YOUR INSTRUCTIONS: Lines outside the range are not wanted. Give again exactly the lines between the line holding "Прозрачные кольца для" and the line holding "40 Pieces Christmas", inclusive, from the listing below.

DATA UNDER STUDY:
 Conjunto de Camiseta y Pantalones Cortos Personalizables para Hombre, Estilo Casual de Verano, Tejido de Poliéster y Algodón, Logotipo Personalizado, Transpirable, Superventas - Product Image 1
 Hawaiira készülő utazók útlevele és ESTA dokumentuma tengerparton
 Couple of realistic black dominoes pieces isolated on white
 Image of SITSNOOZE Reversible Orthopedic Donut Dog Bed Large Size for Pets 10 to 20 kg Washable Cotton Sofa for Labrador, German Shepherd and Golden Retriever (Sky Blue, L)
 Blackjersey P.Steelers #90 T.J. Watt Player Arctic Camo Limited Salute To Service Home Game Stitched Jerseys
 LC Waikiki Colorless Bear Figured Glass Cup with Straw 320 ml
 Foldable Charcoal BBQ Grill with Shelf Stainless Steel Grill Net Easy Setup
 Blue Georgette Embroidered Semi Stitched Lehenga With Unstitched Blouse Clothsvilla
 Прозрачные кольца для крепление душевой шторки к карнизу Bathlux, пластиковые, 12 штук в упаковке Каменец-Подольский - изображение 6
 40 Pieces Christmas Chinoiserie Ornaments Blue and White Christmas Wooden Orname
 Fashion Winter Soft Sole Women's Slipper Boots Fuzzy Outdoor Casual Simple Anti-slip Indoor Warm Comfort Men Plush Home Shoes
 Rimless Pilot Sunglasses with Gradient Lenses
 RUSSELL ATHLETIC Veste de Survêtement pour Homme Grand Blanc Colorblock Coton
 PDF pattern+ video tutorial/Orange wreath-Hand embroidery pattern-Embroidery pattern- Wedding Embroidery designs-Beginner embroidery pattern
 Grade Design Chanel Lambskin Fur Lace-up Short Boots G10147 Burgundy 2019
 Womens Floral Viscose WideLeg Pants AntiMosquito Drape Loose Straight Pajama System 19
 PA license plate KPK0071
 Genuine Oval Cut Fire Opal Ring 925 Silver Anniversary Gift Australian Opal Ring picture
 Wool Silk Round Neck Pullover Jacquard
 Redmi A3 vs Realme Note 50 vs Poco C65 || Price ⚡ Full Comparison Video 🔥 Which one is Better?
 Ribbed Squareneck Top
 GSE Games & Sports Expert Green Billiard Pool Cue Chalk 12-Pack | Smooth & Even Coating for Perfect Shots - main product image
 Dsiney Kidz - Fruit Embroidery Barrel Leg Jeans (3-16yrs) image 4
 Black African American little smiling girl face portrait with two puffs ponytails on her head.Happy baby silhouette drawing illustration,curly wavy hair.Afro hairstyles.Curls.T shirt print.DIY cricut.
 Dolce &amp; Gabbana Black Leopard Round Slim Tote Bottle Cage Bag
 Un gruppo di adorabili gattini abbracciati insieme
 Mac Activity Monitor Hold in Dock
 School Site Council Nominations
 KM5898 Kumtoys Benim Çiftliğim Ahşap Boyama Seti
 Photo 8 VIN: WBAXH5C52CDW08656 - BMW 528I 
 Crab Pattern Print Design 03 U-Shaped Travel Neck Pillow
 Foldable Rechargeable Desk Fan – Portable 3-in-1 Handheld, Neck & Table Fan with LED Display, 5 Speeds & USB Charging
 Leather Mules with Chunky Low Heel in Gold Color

ANSWER TO THIS EXERCISE:
 Прозрачные кольца для крепление душевой шторки к карнизу Bathlux, пластиковые, 12 штук в упаковке Каменец-Подольский - изображение 6
 40 Pieces Christmas Chinoiserie Ornaments Blue and White Christmas Wooden Orname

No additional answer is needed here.